At least a dozen advertisers, including IHOP, are pulling ads from Fox’s Tucker Carlson Tonight after its host said that immigrants are making America “dirtier.”
“As an economic matter, [immigration] is insane. It’s indefensible so nobody even tries to defend it. Instead, our leaders demand that we shut up and accept this,” Carlson said. “’We have a moral obligation to admit the world’s poor,’ they tell us, even if it makes our country poorer and dirtier and more divided. ‘Immigration is a form of atonement; previous leaders of our country committed sins, we must pay for these sins by welcoming an endless chain of migrant caravans.’ That’s the argument they make.”
The comment controversy, notes Axios.com, isn’t the first to befall Fox. Anchor Laura Ingraham took flak for mocking Parkland shooting survivor David Hogg earlier in the year.
In both instances, Fox stood by its talking heads even as advertisers began questioning their expenditures.
“At our core, we stand for welcoming folks from all backgrounds and beliefs into our restaurants and continually evaluate ad placements to ensure they align with our values,” an IHOP spokesperson told POLITICO. “In this case, we will no longer be advertising on this show.”
Carlson, writes POLITICO, implied that lawmakers are tricking Americans by telling them that they have a “moral obligation to admit the world’s poor…even if it makes our own country poorer and dirtier and more divided.”

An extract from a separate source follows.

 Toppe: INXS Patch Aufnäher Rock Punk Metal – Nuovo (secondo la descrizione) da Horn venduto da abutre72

Soon after Carlson’s comments went on-air, companies began pulling their placements. Pacific Life was the first to abandon ship, followed by Boxflex, Indeed, Ancestry.com and IHOP.
Several advertisers, including Mitsubishi and John Deere, said they’d continue showcasing their products with Tucker Carlson Tonight.

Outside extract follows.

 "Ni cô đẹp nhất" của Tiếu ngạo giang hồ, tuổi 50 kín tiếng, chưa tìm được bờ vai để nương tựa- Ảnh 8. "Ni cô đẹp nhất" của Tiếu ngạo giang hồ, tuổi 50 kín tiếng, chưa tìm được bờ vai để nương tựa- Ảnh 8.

Fox isn’t likely to be affected either way—a company spokesperson said that any yanked ads would be replaced elsewhere within the network, keeping revenue stable.
“We cannot and will not allow voices like Tucker Carlson to be censored by agenda-driven intimidation efforts,” Fox wrote in a statement, reprinted in part by POLITICO. “While we do not advocate boycotts, these same groups never target other broadcasters and operate under a grossly hypocritical double standard given their intolerance to all opposing points of view.”

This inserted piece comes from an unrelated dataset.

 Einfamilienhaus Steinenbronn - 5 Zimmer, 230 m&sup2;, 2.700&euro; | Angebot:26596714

Carlson seemed to echo Fox’s ironic take on the situation, spinning the backlash as part of a broad liberal conspiracy.
“We’re not intimidated,” Carlson said. “We plan to try to say what’s true until the last day.”
Nevertheless, Carlson attempted to clarify his crass remarks. He said he was referring only to the garbage left behind by migrants attempting illegal border crossings, as well as the poor conditions endured by asylum-seekers in Tijuana.
Critics, according to POLITICO, were quick to deride the comment as one with a decidedly more racial overtone.